Let’s see, where shall we start?
Need to rent a car? Don’t get it from Gig Car Share, because it might stop dead if you drive to the wrong place. Gig evidently fits its cars with cellular modems to keep track of their whereabouts. Unfortunately, if said car wanders beyond cell reception range and parks, it won’t restart. This is apparently an anti-theft measure, but really?
This policy made itself clear to Guardian newspaper reporter Kari Paul, who got stranded in the redwoods north of San Francisco. Exactly the sort of place you’d expect a vacationer to go, and exactly the sort of place you don’t want to be stranded with no car. Also exactly the sort of place you’d expect to get poor cell reception.
“Today in sharing-economy struggles: our app-powered car rental lost cell service on the side of a mountain in rural California and now I live here I guess,” she tweeted.
Ironically, her cell phone did work (different wireless carrier), so she was able to call Gig’s customer service to ask what happened. Their suggestion? Sleep in the car overnight and try again in the morning. Because cell signals always improve overnight.
“Six hours, two tow trucks, and 20 calls to customer service later apparently it was a software issue and the car needed to be rebooted before we could use it.” Unjustified connectivity at its finest.
Closer to home, a lot of Windows 10 systems started misbehaving earlier this year. The search box – that thing in the lower-left corner of your desktop – stopped working. You couldn’t search for files on your PC, or search the interwebs, or anything. It was just blank and unresponsive.
Now, most people would blame Microsoft’s software and jump to the conclusion that a recent update had broken something. Nope. In fact, it had nothing to do with local PCs at all. Blame it on the cloud. Windows desktop uses Bing for everything, including local searches for your own files. And Bing uses offsite servers. And offsite servers can fail, have latency issues, or otherwise just stop working. So, because Windows 10 relies on Bing, it also relies on permanent cloud connectivity, even when you’re searching your own PC for your own files.
The Brick-of-the-Month award goes to Belkin, which just decided to discontinue the cloud-based service for its consumer security cameras, instantly rendering them useless. Because, naturally, Belkin’s cameras use a proprietary video encoding scheme that only its own servers can understand. No servers, no video. No recourse.
Oh, and Belkin gave everyone exactly one month of notice.
This is particularly galling because Belkin’s cameras used to support industry-standard video formats, but that support was quietly removed a few firmware revisions ago. Without that change, customers would have been able to migrate to another cloud service, or to store video locally. Not anymore. In a one-two punch to the gut, Belkin first made the cameras proprietary and then removed the only servers in the world capable of talking to them. Nice.
From the Belkin official blog: “A great customer experience has been a hallmark of the Wemo brand since day one.” When does day one start?

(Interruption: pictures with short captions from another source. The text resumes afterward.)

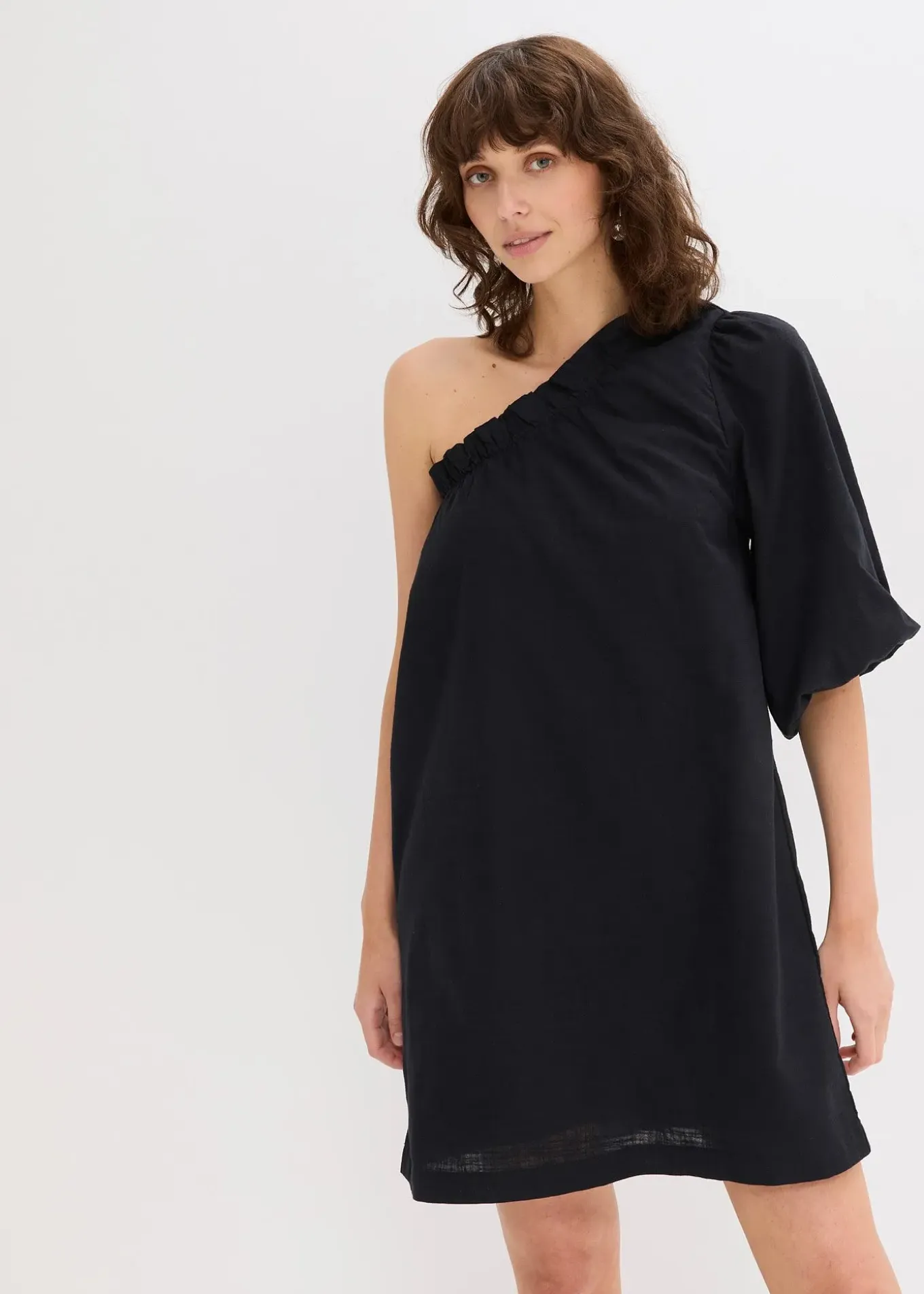 Robe en coton à encolure asymétrique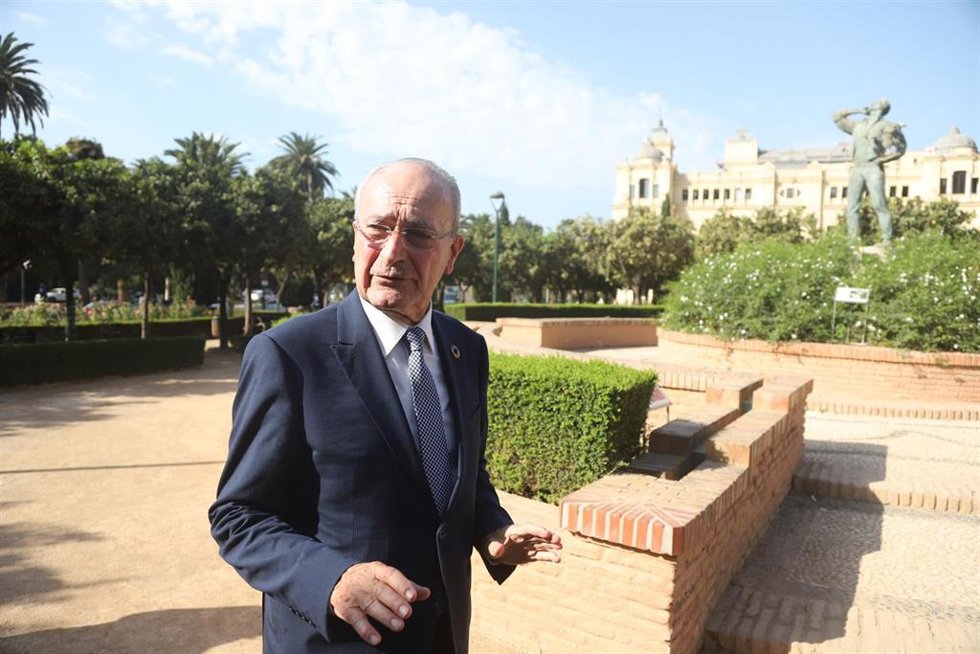 Archivo - El alcalde de Málaga, Francisco de la Torre, en una imagen de archivo. 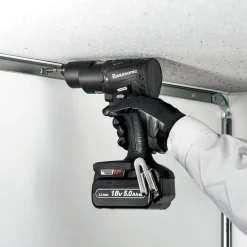 Zestaw Panasonic:  wkrętarka EY1DD2, zakrętarka udarowa EY1PD1, 2x Akumulator 18V/5,0 Ah, ładowarkasysteiner, 3 końcówki robocze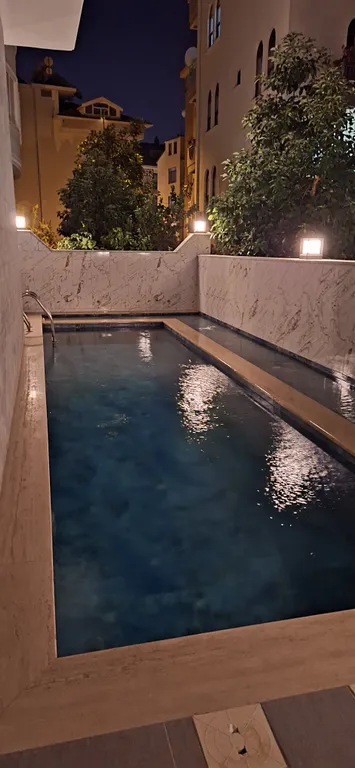 Новая уютная квартира в центре города, на пляже Клеопатра, с бассейном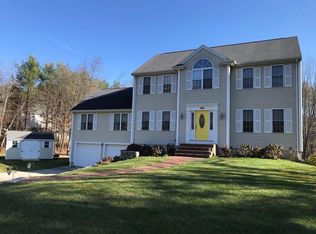 106 Chestnut St, Upton, MA 01568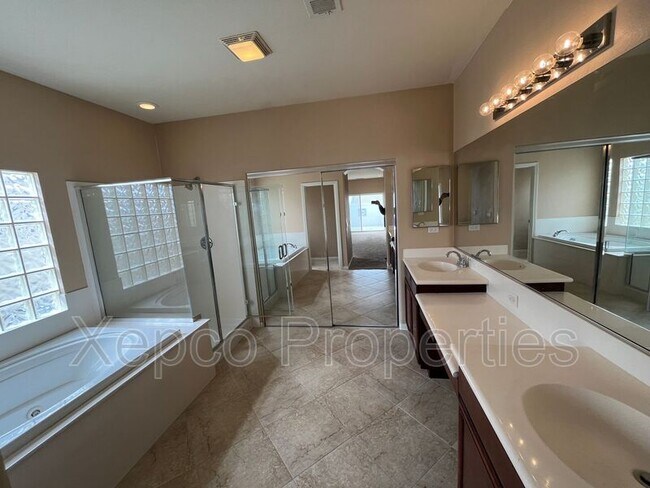 Foto del edificio - 64173 Silver Star Ave
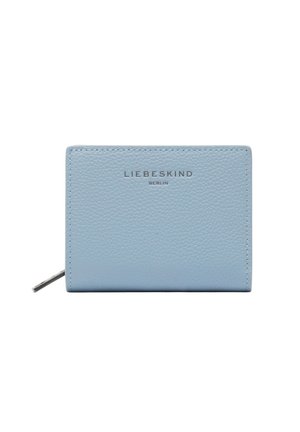 Jasnoniebieski portfel z teksturowanej skóry z srebrnym suwakiem, kompaktowy, prostokątny kształt, z nadrukiem "LIEBESKIND BERLIN" na przedniej stronie.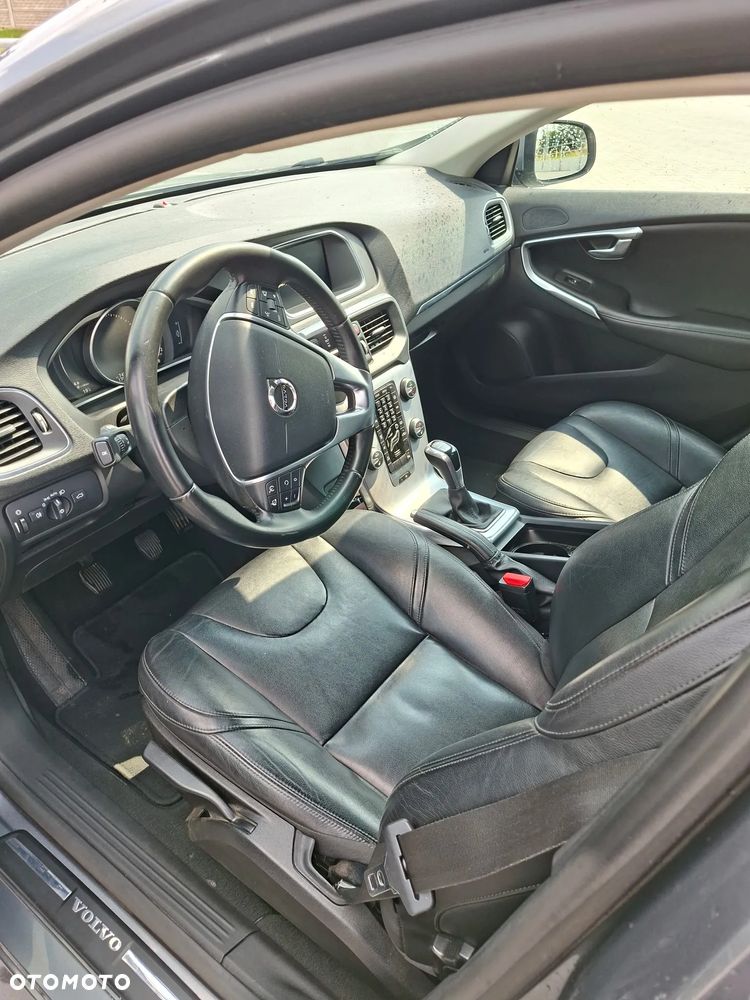 Volvo V40 D2 Momentum - 9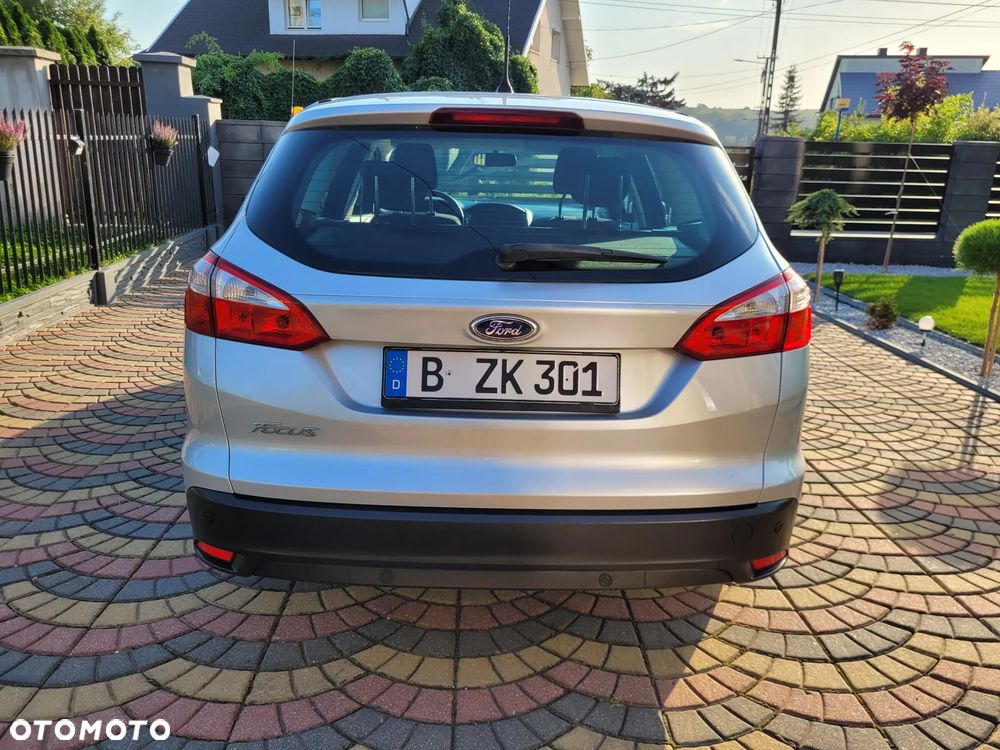 Ford Focus 1.6 Ambiente Start - 6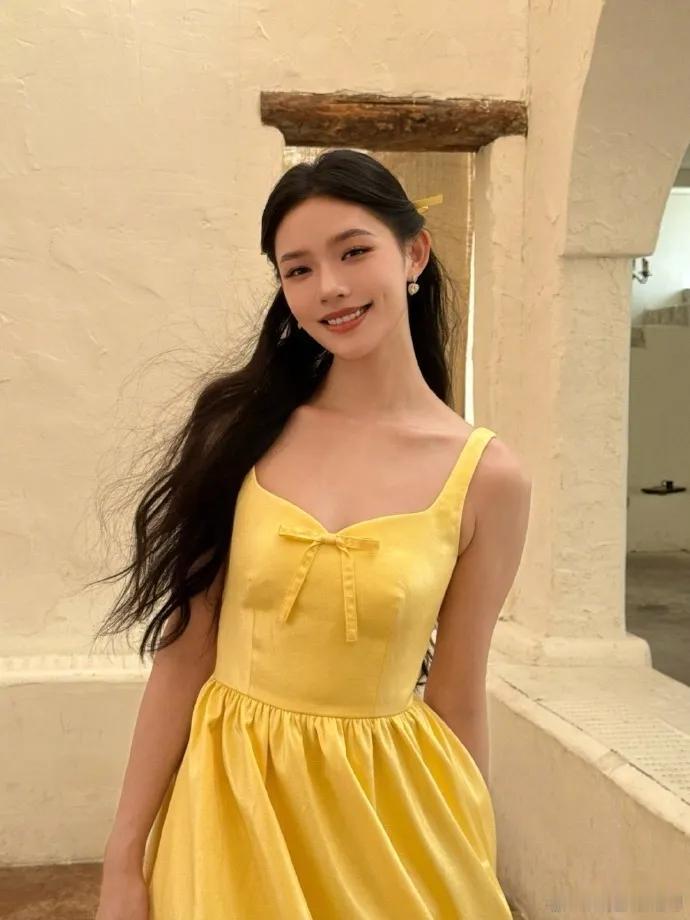 林允淡黄色长裙简直就是我们的公主本人了呀，好像从童话里面走了出来😘林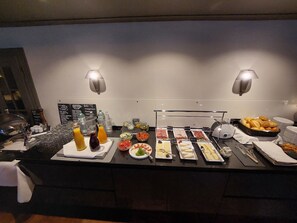 Daily buffet breakfast (EUR 21.50 per person)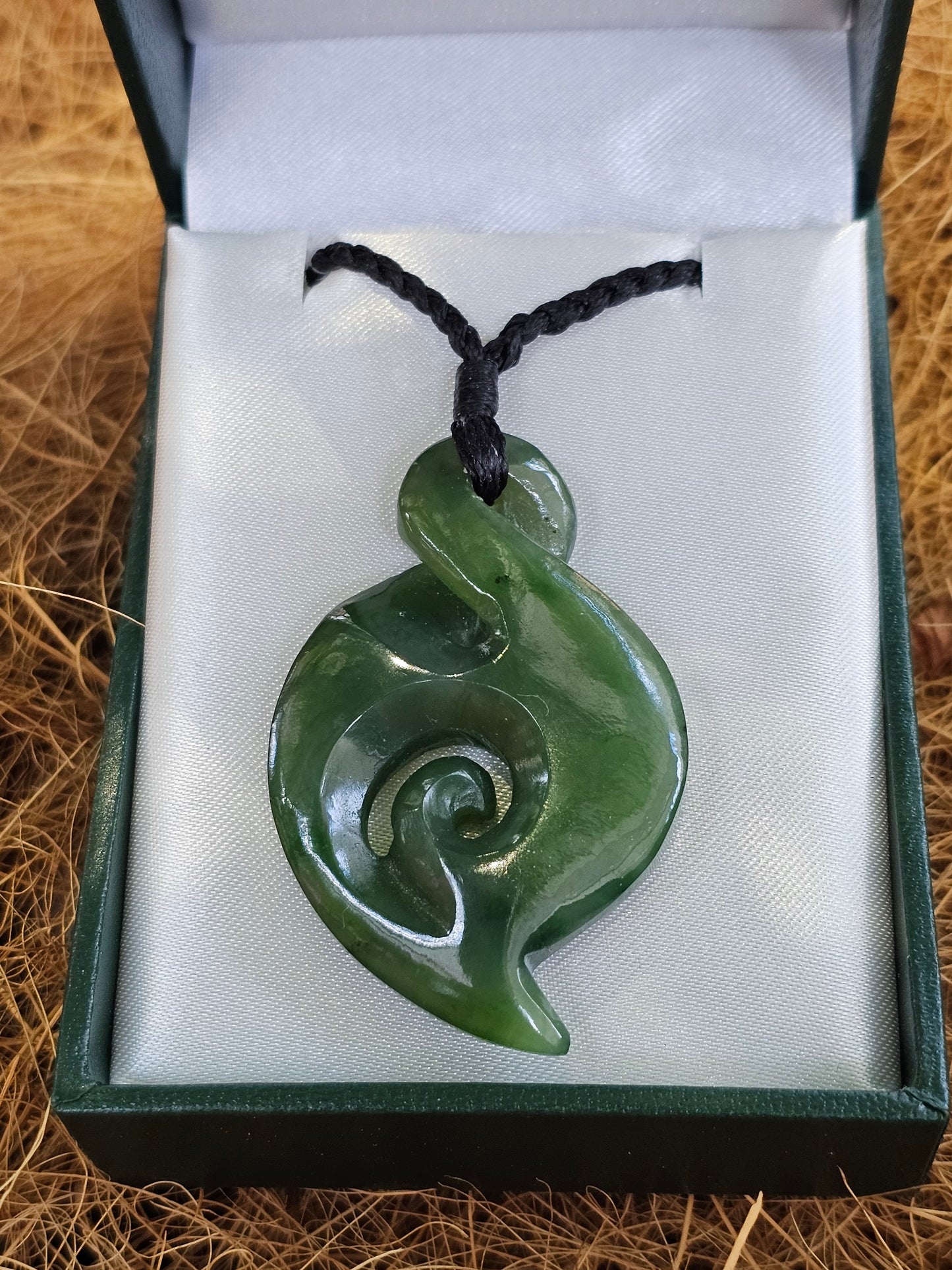 Pikorua (Twist) Greenstone Pendant - Rivendell Shop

At least your cat won’t starve. Internet-connected pet feeders from PetNet started acting funny several weeks ago, and then failed completely at the end of April. The culprit, as usual, is the service that allows these $130 food bowls to text you when Fido or Mittens has been fed.
“The SmartFeeder automatically feeds your pet the right amount every time!” True, if it’s already dead.
Now that we’re all stuck inside, providers of overpriced underwear must be enjoying good business. Just don’t expect your Internet-enabled bathroom scale, fitness band, or heart monitor to keep working. Under Armour, which partnered with HTC back in 2016 to produce those very devices, has changed its corporate mind. They’re all bricks now. The company notified its customers 11 days before yanking the app. The service stopped working three months later. So long, and thanks for all the moolah.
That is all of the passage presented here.